Every entry, from first to last, is to be written out exactly.
[DATA LISTING Boundary: Start]
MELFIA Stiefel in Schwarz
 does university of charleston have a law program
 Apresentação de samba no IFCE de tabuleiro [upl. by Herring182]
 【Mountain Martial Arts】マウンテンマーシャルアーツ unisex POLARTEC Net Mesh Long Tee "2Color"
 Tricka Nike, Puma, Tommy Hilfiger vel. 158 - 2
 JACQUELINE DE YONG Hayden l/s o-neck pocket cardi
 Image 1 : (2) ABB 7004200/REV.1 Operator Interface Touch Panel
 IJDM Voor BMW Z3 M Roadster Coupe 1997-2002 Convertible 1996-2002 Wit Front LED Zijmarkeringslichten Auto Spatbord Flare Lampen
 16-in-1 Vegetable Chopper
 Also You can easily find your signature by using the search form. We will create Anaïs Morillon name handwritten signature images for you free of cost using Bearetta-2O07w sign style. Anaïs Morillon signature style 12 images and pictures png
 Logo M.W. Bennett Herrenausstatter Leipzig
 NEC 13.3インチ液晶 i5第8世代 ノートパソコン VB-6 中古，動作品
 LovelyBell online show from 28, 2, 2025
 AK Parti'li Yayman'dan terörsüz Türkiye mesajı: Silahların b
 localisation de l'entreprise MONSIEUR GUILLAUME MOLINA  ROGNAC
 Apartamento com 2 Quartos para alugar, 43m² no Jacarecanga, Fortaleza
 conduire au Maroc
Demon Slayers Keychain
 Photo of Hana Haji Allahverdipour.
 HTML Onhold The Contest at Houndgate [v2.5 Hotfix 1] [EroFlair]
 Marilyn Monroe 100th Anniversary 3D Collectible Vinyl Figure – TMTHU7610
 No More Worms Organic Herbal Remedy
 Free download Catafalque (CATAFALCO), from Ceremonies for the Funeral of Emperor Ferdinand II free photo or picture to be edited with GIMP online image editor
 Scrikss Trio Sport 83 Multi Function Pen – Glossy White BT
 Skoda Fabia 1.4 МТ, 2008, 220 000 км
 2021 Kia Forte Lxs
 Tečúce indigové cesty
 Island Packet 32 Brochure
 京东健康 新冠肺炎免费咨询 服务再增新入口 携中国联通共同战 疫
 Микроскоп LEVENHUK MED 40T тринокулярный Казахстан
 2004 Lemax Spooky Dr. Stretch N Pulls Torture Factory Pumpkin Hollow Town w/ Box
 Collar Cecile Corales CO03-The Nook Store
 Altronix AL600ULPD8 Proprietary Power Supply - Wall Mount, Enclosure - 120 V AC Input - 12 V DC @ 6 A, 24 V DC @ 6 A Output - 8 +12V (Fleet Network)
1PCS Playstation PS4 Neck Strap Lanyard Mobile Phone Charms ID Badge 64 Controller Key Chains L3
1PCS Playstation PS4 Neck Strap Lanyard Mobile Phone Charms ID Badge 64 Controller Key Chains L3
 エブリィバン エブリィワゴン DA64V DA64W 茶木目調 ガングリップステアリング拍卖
[DATA LISTING Boundary: End]
PROBLEM SOLUTION:
MELFIA Stiefel in Schwarz
 does university of charleston have a law program
 Apresentação de samba no IFCE de tabuleiro [upl. by Herring182]
 【Mountain Martial Arts】マウンテンマーシャルアーツ unisex POLARTEC Net Mesh Long Tee "2Color"
 Tricka Nike, Puma, Tommy Hilfiger vel. 158 - 2
 JACQUELINE DE YONG Hayden l/s o-neck pocket cardi
 Image 1 : (2) ABB 7004200/REV.1 Operator Interface Touch Panel
 IJDM Voor BMW Z3 M Roadster Coupe 1997-2002 Convertible 1996-2002 Wit Front LED Zijmarkeringslichten Auto Spatbord Flare Lampen
 16-in-1 Vegetable Chopper
 Also You can easily find your signature by using the search form. We will create Anaïs Morillon name handwritten signature images for you free of cost using Bearetta-2O07w sign style. Anaïs Morillon signature style 12 images and pictures png
 Logo M.W. Bennett Herrenausstatter Leipzig
 NEC 13.3インチ液晶 i5第8世代 ノートパソコン VB-6 中古，動作品
 LovelyBell online show from 28, 2, 2025
 AK Parti'li Yayman'dan terörsüz Türkiye mesajı: Silahların b
 localisation de l'entreprise MONSIEUR GUILLAUME MOLINA  ROGNAC
 Apartamento com 2 Quartos para alugar, 43m² no Jacarecanga, Fortaleza
 conduire au Maroc
Demon Slayers Keychain
 Photo of Hana Haji Allahverdipour.
 HTML Onhold The Contest at Houndgate [v2.5 Hotfix 1] [EroFlair]
 Marilyn Monroe 100th Anniversary 3D Collectible Vinyl Figure – TMTHU7610
 No More Worms Organic Herbal Remedy
 Free download Catafalque (CATAFALCO), from Ceremonies for the Funeral of Emperor Ferdinand II free photo or picture to be edited with GIMP online image editor
 Scrikss Trio Sport 83 Multi Function Pen – Glossy White BT
 Skoda Fabia 1.4 МТ, 2008, 220 000 км
 2021 Kia Forte Lxs
 Tečúce indigové cesty
 Island Packet 32 Brochure
 京东健康 新冠肺炎免费咨询 服务再增新入口 携中国联通共同战 疫
 Микроскоп LEVENHUK MED 40T тринокулярный Казахстан
 2004 Lemax Spooky Dr. Stretch N Pulls Torture Factory Pumpkin Hollow Town w/ Box
 Collar Cecile Corales CO03-The Nook Store
 Altronix AL600ULPD8 Proprietary Power Supply - Wall Mount, Enclosure - 120 V AC Input - 12 V DC @ 6 A, 24 V DC @ 6 A Output - 8 +12V (Fleet Network)
1PCS Playstation PS4 Neck Strap Lanyard Mobile Phone Charms ID Badge 64 Controller Key Chains L3
1PCS Playstation PS4 Neck Strap Lanyard Mobile Phone Charms ID Badge 64 Controller Key Chains L3
 エブリィバン エブリィワゴン DA64V DA64W 茶木目調 ガングリップステアリング拍卖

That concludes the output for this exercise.